Centinaia di migranti tornano in Serbia dopo essersi accumulati al confine ungherese

La polizia serba Venerdì mattina ha trasporto circa 700 immigrati clandestini provenienti dall’Africa e dal Medio Oriente ai centri di asilo in Serbia, dopo che si erano accumulati al confine ungherese nella notte di Giovedi.

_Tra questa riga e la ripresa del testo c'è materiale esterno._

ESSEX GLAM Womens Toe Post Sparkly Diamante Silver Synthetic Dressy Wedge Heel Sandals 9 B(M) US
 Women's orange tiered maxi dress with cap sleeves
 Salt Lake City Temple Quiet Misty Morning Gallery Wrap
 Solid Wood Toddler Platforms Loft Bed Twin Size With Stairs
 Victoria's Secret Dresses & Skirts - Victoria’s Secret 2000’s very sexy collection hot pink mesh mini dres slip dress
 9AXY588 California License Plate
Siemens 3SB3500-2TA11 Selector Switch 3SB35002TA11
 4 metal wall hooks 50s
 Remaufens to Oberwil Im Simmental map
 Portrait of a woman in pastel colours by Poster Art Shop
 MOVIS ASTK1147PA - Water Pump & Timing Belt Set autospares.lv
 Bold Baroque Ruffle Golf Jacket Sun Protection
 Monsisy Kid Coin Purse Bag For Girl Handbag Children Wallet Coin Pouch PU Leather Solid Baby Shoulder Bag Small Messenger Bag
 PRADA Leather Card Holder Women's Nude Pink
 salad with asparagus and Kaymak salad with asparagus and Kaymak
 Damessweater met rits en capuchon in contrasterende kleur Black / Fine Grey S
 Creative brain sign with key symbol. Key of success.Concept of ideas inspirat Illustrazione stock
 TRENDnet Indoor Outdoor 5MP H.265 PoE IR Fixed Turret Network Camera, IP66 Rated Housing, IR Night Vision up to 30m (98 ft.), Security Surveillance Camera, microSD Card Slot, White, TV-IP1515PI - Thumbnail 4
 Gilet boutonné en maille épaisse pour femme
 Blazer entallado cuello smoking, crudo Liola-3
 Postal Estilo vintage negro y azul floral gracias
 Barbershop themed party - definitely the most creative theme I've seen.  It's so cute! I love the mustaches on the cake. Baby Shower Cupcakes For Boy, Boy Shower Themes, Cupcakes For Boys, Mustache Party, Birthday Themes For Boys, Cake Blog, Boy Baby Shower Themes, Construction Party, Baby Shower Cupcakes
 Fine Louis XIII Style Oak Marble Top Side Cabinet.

I migranti, la maggior parte dei quali di provenienza siriana, afgana, yemenita, marocchina, e palestinese, sono arrivati al confine Kelebia-Tomba la notte scorsa quando hanno cominciato a protestare e hanno tentato di entrare in Ungheria. Fonte: Balkan Insight

La massa di migranti riunitasi al confine serbo-ungherese, è stata accolta con barricate e le guardie di frontiera ungheresi sono state determinate a fermarla. Ore dopo, il Ministro della Difesa della Serbia, Aleksandr Vulin, ha visitato il gruppo e ha detto che era stato manipolato e “portato qui da false promesse che affermavamo che qualcuno avrebbe aperto la frontiera per loro”.

Vulin ha accusato le ONG di incoraggiare i migranti a farsi strada verso il confine senza alcuna garanzia che sarebbero stati in grado di entrare nell’Unione europea.

E ‘un peccato che alcuni gruppi inducano in errore i migranti, portandoli in Serbia, con notizie e false voci che affermano che l’Ungheria ha aperto i suoi confini”.

Non molto tempo dopo, nelle prime ore di Venerdì mattina, le autorità serbe hanno caricato i migranti su autobus, e li ha trasportati nei centri di asilo all’interno del paese.

La settimana scorsa la polizia di frontiera ungherese è riuscita a respingere un gruppo di 71 migranti illegali che erano riusciti a passare attraverso una sezione vulnerabile della barriera lungo il confine con la Serbia.

Solo nel mese di gennaio, il governo ungherese ha registrato 3.400 tentativi di ingresso illegale.